§ **Provided material**

───

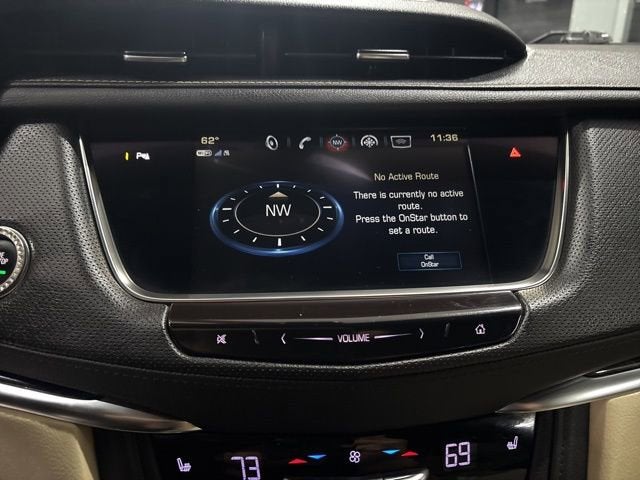 2019 Cadillac XT5 AWD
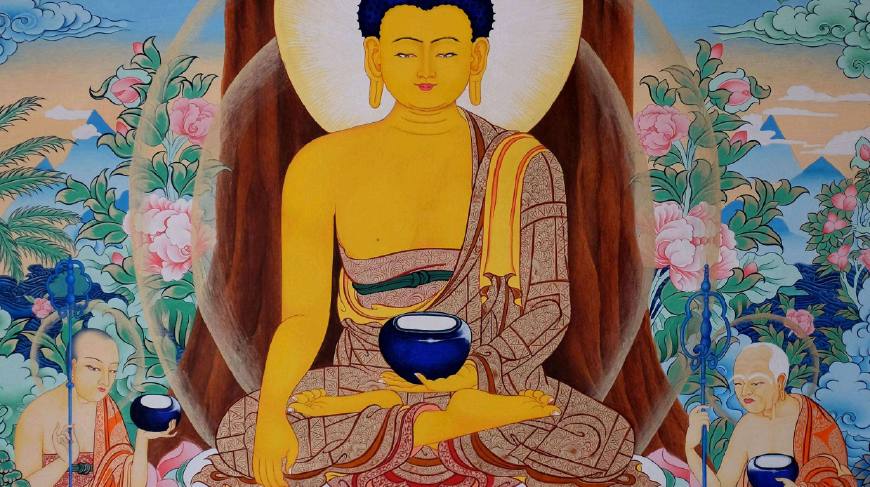 有教无类是谁的观点(释迦牟尼也主张“有教无类”?他的弟子有盗贼、风尘女、理发师……)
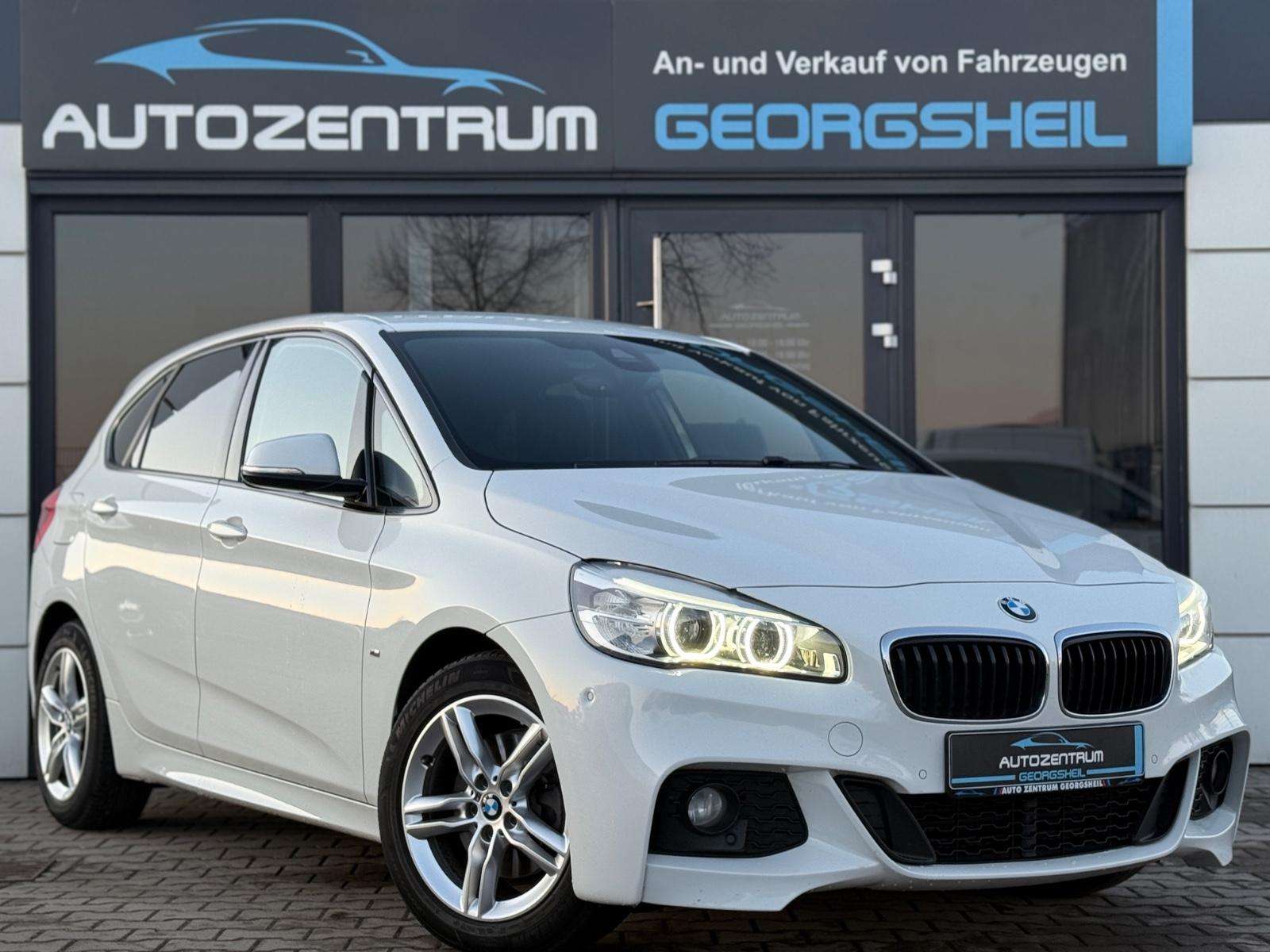 BMW 218 i Active Tourer M Sport/LED/Navi/Keyless-GO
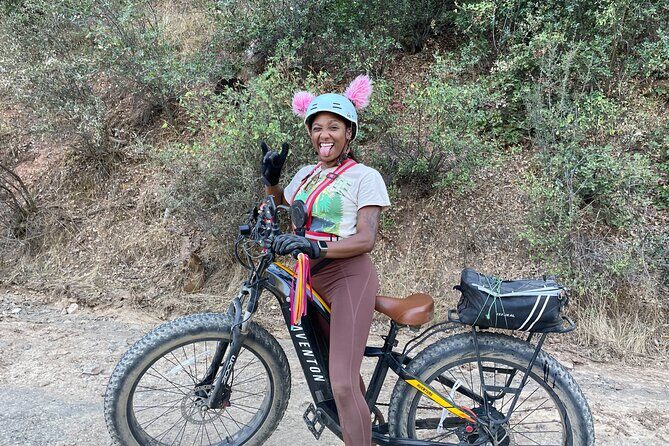 Full Day E-biking in the Sierra Foothills (Mariposa) - Who Would Love This Tour?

───

Repeat the whole listing above word for word. Leave out the pictures.

§ **Response to the task**
 2019 Cadillac XT5 AWD
 有教无类是谁的观点(释迦牟尼也主张“有教无类”?他的弟子有盗贼、风尘女、理发师……)
 BMW 218 i Active Tourer M Sport/LED/Navi/Keyless-GO
 Full Day E-biking in the Sierra Foothills (Mariposa) - Who Would Love This Tour?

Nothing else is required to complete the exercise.